# Description of the task:
After locating the line that contains "Haval H5 Class 2013 car image #23" in the records below, write out exactly that line and each line after it through the one that contains "2017 Lexus RX 350 Base", and nothing else.

# Source records:
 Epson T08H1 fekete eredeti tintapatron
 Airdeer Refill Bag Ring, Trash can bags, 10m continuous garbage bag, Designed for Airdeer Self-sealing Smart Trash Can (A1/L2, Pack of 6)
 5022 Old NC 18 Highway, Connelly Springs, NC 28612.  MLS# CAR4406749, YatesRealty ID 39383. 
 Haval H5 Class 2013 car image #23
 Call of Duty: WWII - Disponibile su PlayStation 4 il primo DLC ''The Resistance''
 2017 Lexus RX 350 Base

==

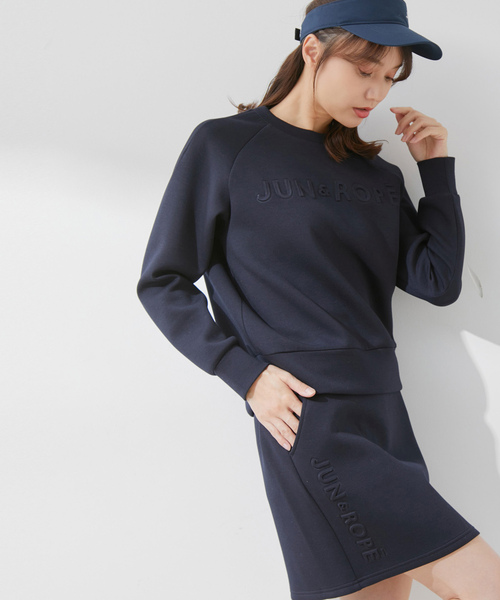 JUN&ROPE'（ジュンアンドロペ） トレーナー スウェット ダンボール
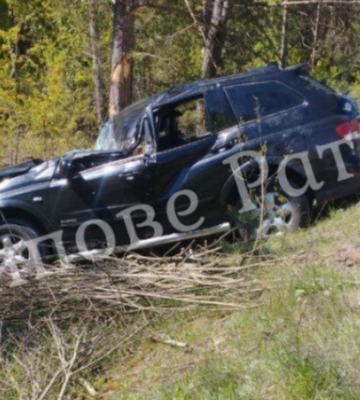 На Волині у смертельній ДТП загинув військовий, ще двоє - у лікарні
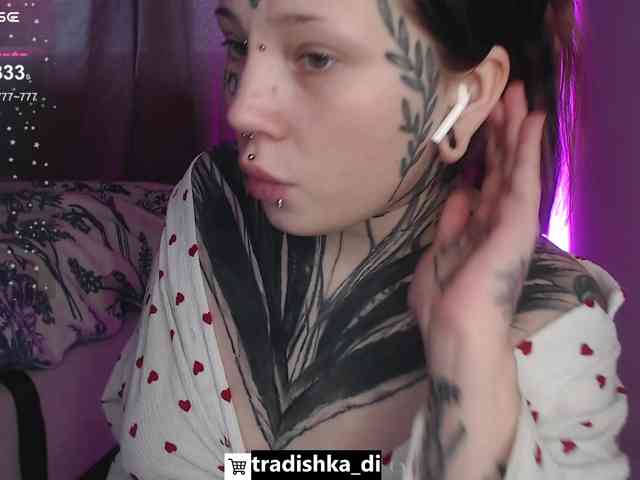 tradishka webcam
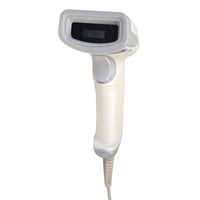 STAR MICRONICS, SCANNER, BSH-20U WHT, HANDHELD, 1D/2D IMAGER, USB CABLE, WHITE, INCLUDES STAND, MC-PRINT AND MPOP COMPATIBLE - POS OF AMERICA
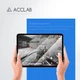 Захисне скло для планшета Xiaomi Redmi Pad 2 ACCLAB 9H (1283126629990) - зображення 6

# Output below:
 Haval H5 Class 2013 car image #23
 Call of Duty: WWII - Disponibile su PlayStation 4 il primo DLC ''The Resistance''
 2017 Lexus RX 350 Base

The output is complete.